The International Organization for Standardization (ISO) and the International Electrotechnical Commission (IEC) have recently issued ISO/IEC 27018, a document which seeks to establish an international standard with respect to the implementation of personal data protection controls by public cloud service providers acting as personally identifiable information ("PII") processors ("public cloud PII processors").
The international standard's stated objectives are as follows:
- To help public cloud PII processors comply with applicable obligations, whether such obligations fall on the PII processor directly or through contract.
- To enable the public cloud PII processor to be transparent in relevant matters so that cloud service customers can select well-governed cloud-based PII processing services.
- To assist the cloud service customer and the public cloud PII processor in entering into a contractual agreement.
- To provide cloud service customers with a mechanism for exercising audit and compliance rights and responsibilities in cases where individual cloud service customer audits of data hosted in a multi-party, virtualized server (cloud) environment might be impractical technically and might increase risks to those physical and logical network security controls in place.
The new international standard has been developed based on ISO/IEC 27001 and ISO/IEC 27002, which are the existing general standards on information security management systems and controls. The new ISO/IEC 27018 is however particularly notable for its added focus on PII protection standards which might be applicable to public cloud PII processors pursuant to contracts with their customers.
The additional sector-specific controls and implementation guidance, which are classified according to the 11 privacy principles of ISO/IEC 29100, are found in Annex A of ISO/IEC 27018 and they include the following guidelines:
- Use, Retention and Disclosure limitation – the public cloud PII processor should be contractually required to notify the cloud service customer of any legally binding request for disclosure of personal data by law enforcement authorities, and all disclosures of personal data to third parties by the public cloud PII processor should be recorded;
- Obligation to Cooperate Regarding Individuals' Rights – the public cloud PII processor should provide the cloud service customer with the means to enable them to respond to individuals' rights to access or correction of their personal data
- Purpose Legitimacy and Specification – the public cloud PII processor must only process personal information in accordance with the customer's instructions and not for any other purpose, and express consent must be obtained if the public cloud PII processor wishes to process the personal data for marketing and advertising purposes;
- Data Minimization – Temporary files and documents should be erased or destroyed within a specified, documented period;
- Openness, Transparency and Notice – the public cloud PII processor should disclose any use of sub-contractors before they are engaged, and specify the countries in which personal data may be stored;
- Return, Transfer and Disposal – the public cloud PII processor should implement a policy for the return, transfer or disposal of personal data;
- Information Security –
- personnel under the public cloud PII processor's control should be subject to confidentiality obligations;
- creation of hardcopy material containing personal data is restricted, and should be destroyed securely;
- procedures should be established to log any data restoration efforts; and
- personal data should be encrypted prior to transmission.

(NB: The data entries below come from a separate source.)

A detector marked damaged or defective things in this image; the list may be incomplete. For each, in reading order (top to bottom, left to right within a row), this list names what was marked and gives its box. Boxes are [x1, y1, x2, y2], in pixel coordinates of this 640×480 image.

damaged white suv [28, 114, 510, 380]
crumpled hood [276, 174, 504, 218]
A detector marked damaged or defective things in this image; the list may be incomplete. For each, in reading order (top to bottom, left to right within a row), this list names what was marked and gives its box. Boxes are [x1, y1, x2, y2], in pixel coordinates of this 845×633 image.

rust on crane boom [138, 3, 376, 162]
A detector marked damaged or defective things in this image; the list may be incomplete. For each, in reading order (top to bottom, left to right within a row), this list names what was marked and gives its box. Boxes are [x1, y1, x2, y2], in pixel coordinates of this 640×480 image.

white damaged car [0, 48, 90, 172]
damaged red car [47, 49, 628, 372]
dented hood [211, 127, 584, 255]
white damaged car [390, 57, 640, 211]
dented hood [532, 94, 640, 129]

For organisations which handle personal data in Singapore, the release of this standard is timely, as the Personal Data Protection Act 2012 ("PDPA") has also just fully come into force.

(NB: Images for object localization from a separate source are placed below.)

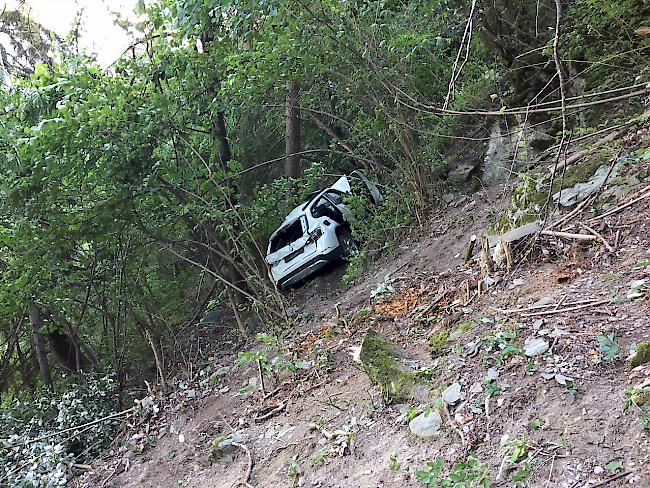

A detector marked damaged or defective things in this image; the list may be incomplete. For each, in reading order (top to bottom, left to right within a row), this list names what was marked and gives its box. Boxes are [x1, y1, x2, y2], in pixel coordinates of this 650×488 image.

wrecked white suv [266, 170, 382, 288] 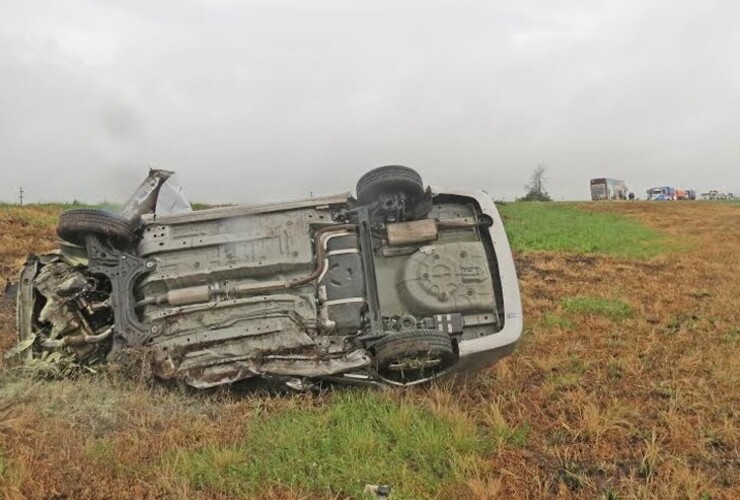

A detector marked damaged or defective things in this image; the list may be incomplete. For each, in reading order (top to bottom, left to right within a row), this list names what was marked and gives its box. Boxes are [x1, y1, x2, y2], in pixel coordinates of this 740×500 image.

overturned car [10, 166, 520, 388]
detached car part [8, 166, 524, 388] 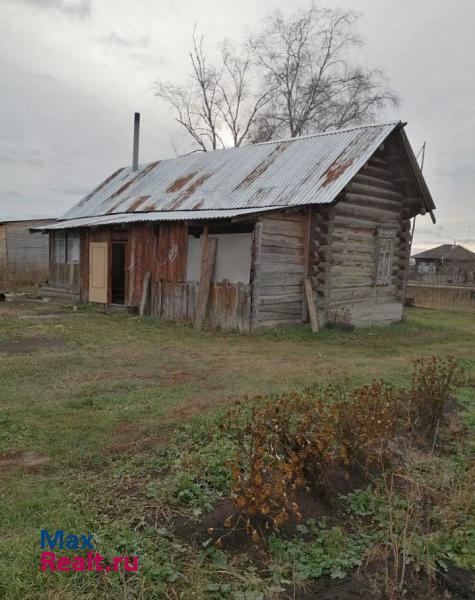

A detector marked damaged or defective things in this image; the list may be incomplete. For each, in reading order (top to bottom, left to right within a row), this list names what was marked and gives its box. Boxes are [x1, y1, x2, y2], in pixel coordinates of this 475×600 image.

rusty corrugated roof [56, 120, 432, 221] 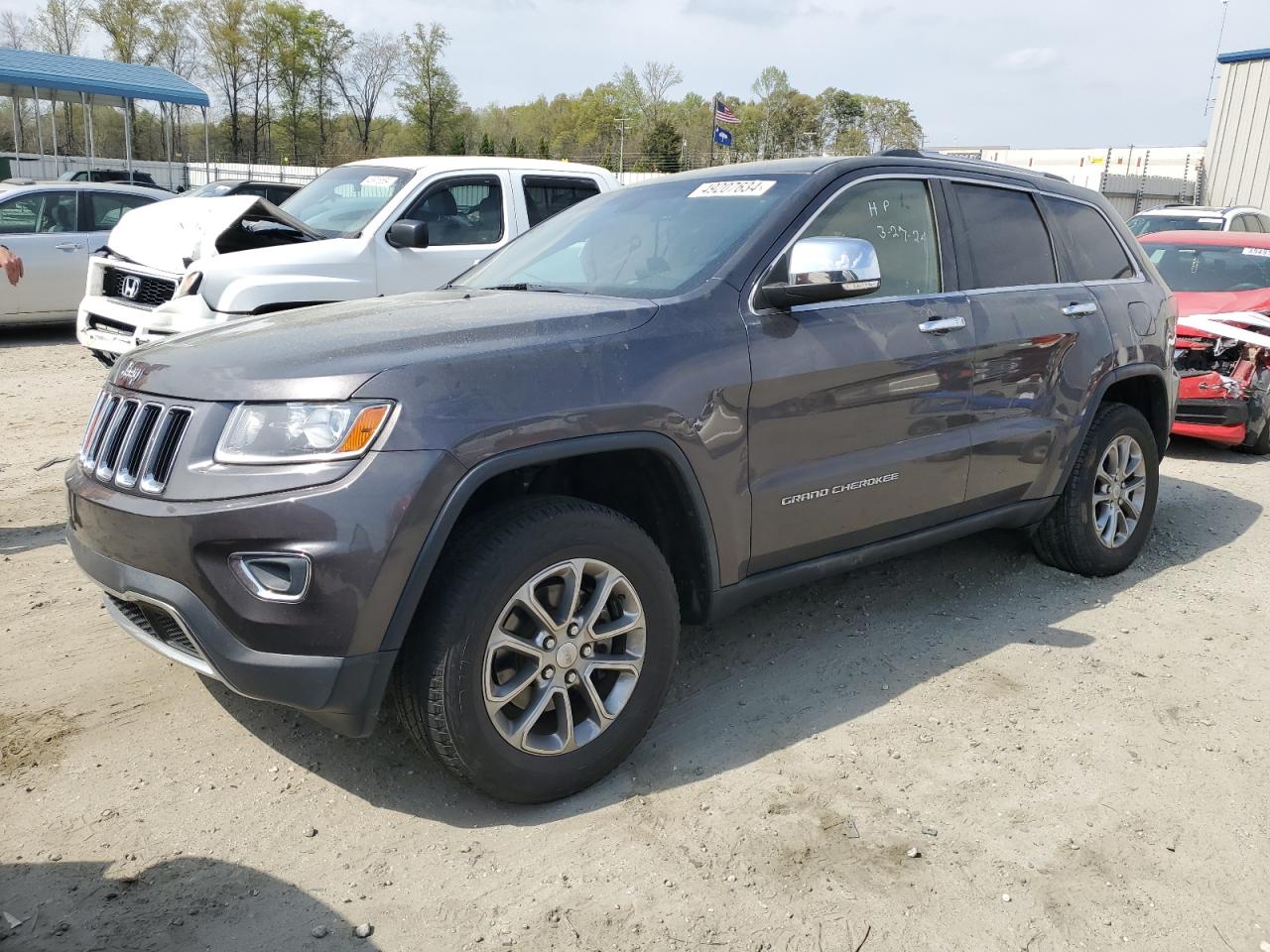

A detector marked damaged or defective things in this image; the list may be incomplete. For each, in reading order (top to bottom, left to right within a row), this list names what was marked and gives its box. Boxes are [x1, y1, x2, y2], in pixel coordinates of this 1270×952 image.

white damaged car [73, 157, 619, 365]
red damaged car [1143, 229, 1270, 454]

Even though not all the Data Protection Provisions under the PDPA apply to data intermediaries which process personal data on behalf of a customer pursuant to a contract made in writing, the customer would often still seek to ensure full compliance in view of its obligations under the PDPA being the same as if the personal data processed by the data intermediary was processed by the customer itself.
In addition, the PDPA restricts the transfer of personal data outside Singapore, except where in accordance with the requirements prescribed under the PDPA to ensure that organisations provide a standard of protection to personal data so transferred that is comparable to the protection under the PDPA ("Transfer Limitation Obligation"). The Transfer Limitation Obligation will thus particularly impact public cloud PII processors and their customers in distributed cloud environments where personal data originating or handled in Singapore will be stored in various countries outside Singapore.
Customers would thus typically impose contractually obligations which meet the requirements of the PDPA (and where data is being transferred overseas, also meeting the requirements of the Transfer Limitation Obligation), and also require practical assurances that these obligations are being met.
The ISO/IEC 27018 certification can thus be useful as an independently audited standard which deals with many of the issues raised under the PDPA. It can be a short-hand tool for customers to have a sense of the cloud service provider’s baseline personal data practices, particularly where a customer has significant PDPA compliance concerns. It can also be useful as a common benchmark against the PDPA when dealing with overseas cloud services providers subject to different legal regimes.
Further, on account of continuing audit requirements, ISO/IEC 27018 may help provide customers some further assurances that personal data protection measures as outlined in the international standard have been implemented.
Of course, whilst ISO/IEC 27018 therefore serves as a good reference standard, customers should still recognise that it is ultimately intended to assist with compliance with personal data obligations in providing best practice recommendations and guiding principles, and it has not been endorsed by the Personal Data Protection Commission. Singaporean cloud services customers should thus still not assume merely on account of a service provider being certified that they need not further consider how obligations arising under the PDPA would need to be addressed.